John has now only nightmares to keep him company.

Notes:

Originally posted on my LJ, beta by dreximgirl. Sherlock Holmes belongs to ACD and, in this version, to BBC, Moffat & Gatiss. I own nothing. Not making profit out of this.

Work Text:

A dark coat lightly billowing in the wind. A slender figure, dark against a livid sky, standing unmoving on the roof.

He can still hear his last words, a goodbye that rang too abrupt and final. Too painful. Because then for the first time he had heard a note of regret in his voice, composed yet tinged with urgency and anguish.

He can still see him with his arms outstretched. He can still see him falling. Over and over again, whenever he manages to get a few hours of troubled – tortured would be a rather more accurate description – sleep. The nightmares he used to have before he came into his life now look like harmless and insipid fragments of a long-forgotten past.

He can never see him on the ground, though. With his dark curls and pale skin streaked with blood. The same blood that stains the pavement, as a somewhat obscene and crude reminder of human mortality. Every time he wakes up, his heart racing madly in his chest, nausea choking him. Every time he sits up, shivering, with his eyes wet and the brutal certainty that it wasn’t just a bad dream.

This is his reality now. Something he cannot adjust to. Not when he, locked up in his cramped bedsit, thinks back to the days in Baker Street, with bullet holes in the wall, body parts in the fridge, the thrill and excitement of investigation, sometimes the music of a violin and…and then he can bear to think no more.

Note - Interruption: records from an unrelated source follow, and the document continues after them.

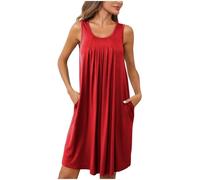 Generisch Vêtement de nuit d'été sexy pour femme - En coton - Sans manches - Élégante chemise de nuit avec poches - Col rond - Robe de loisirs décontractée - Chemise de nuit légère - Pyjama fin, rouge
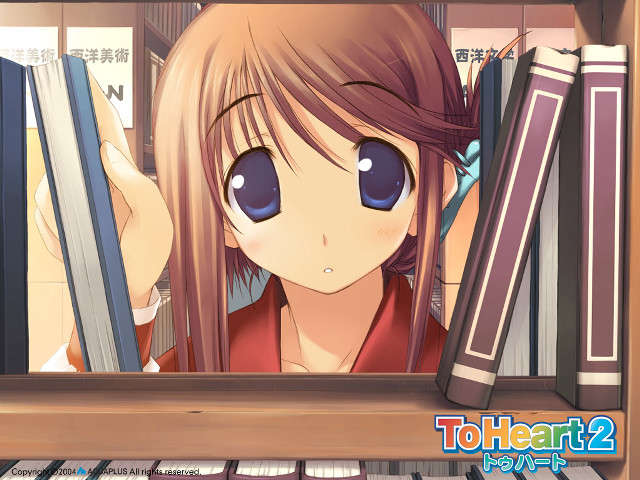 Girl peeking bookshelf blue eyes free wallpaper - medium preview image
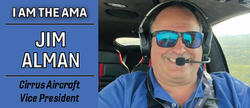 Man smiling in an airplane cockpit, text reads "Jim Alman, Cirrus Aircraft Vice President."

Time passes, but the pain does not go away. Not after a month, not after a whole year. It changes, it takes many different forms, but it doesn’t go away.

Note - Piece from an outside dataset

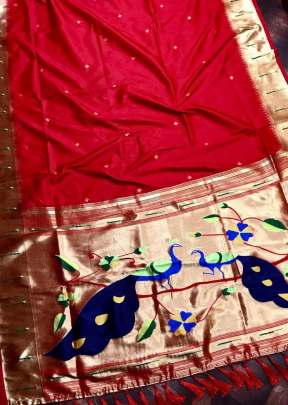 Exclusive Paithani Kanchipuram Saree Red designer sarees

Sometimes when he goes out he happens to notice discoloured writing in yellow spray paint, left by someone who didn’t believe the load of rubbish and lies the papers piled up about him. And then John wonders, he really would like to know where those people are hiding and why they keep leaving, in his path, those words that are a blessing and a curse.

And sometimes he is aware of fleeting glances coming from complete strangers, homeless youths who keep their eyes on him a little too long. At times he even starts thinking that he’s being followed, because even by London’s standards, he happens to have too many strange people around wherever he goes. He feels watched, and he can’t understand why.

And then he thinks maybe he’s becoming delusional; as a doctor, he knows only too well how those things work – pain, loss and shock can turn a perfectly healthy and functional individual into a lunatic who sees ghosts. And he thinks that’s exactly what is happening to him. Because sometimes he’s sure he knows who is watching him, sometimes for a split-second he can see him reflected in the windows of shops and cabs, sometimes he turns around and he is sure a slender figure in a dark and overdramatic coat was just behind him, swift and silent, like only memories – or ghosts – can be.